:: INFORMATION PROVIDED ::
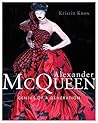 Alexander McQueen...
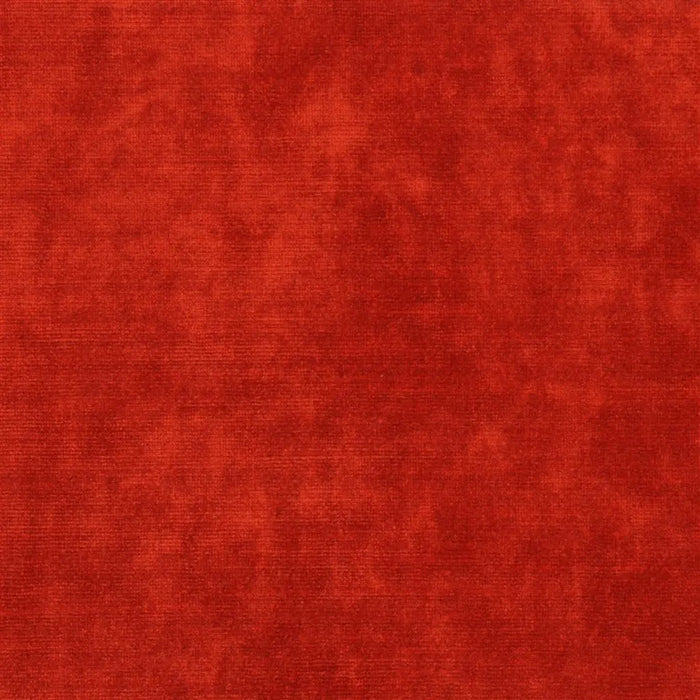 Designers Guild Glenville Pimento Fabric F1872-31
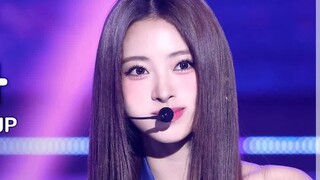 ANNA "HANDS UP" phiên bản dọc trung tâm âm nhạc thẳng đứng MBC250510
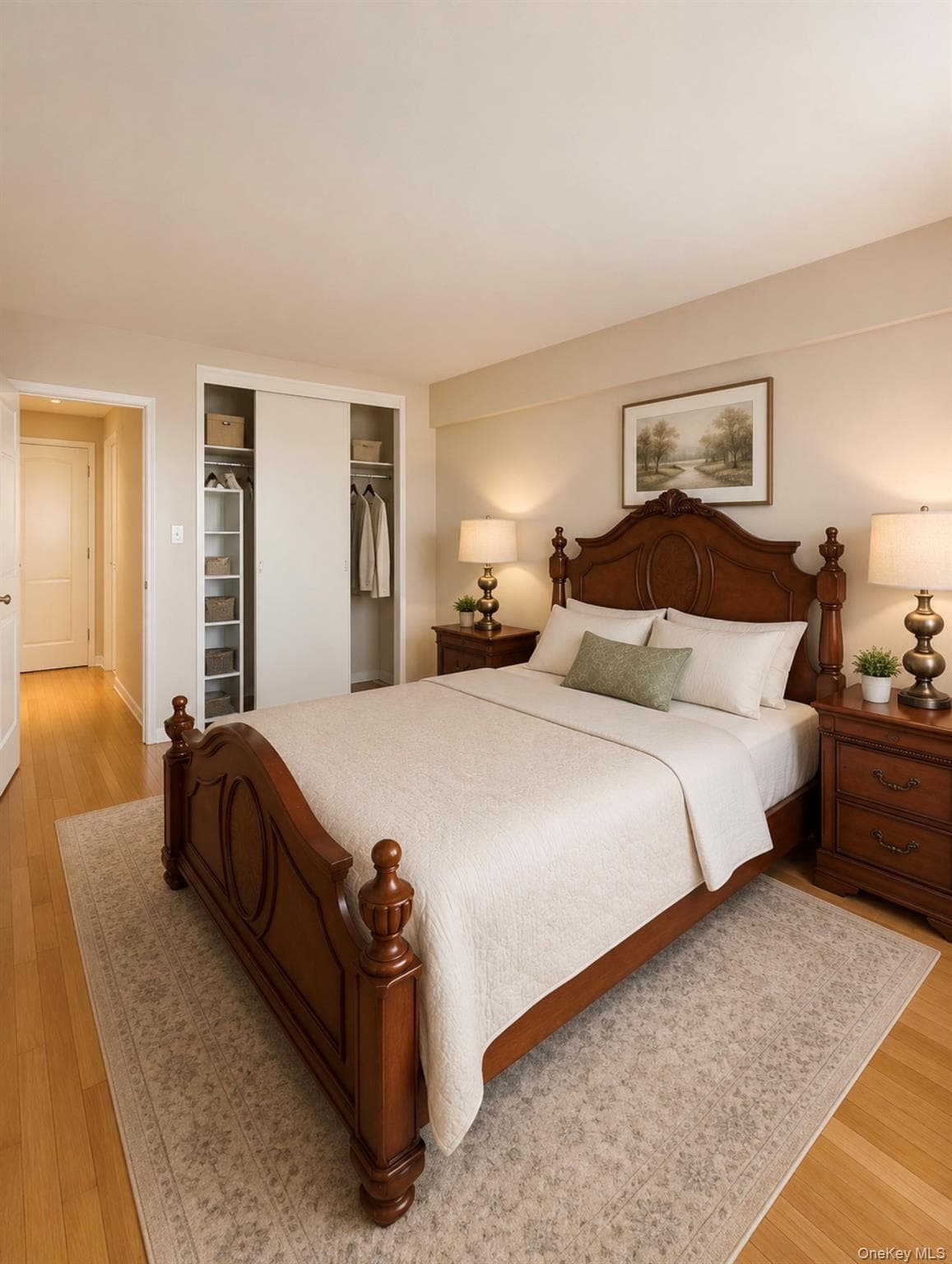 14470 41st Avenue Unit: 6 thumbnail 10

:: REQUIRED ACTION ::
Could you repeat all of the data exactly, minus the pictures?

:: WRITTEN REPLY ::
 Alexander McQueen...
 Designers Guild Glenville Pimento Fabric F1872-31
 ANNA "HANDS UP" phiên bản dọc trung tâm âm nhạc thẳng đứng MBC250510
 14470 41st Avenue Unit: 6 thumbnail 10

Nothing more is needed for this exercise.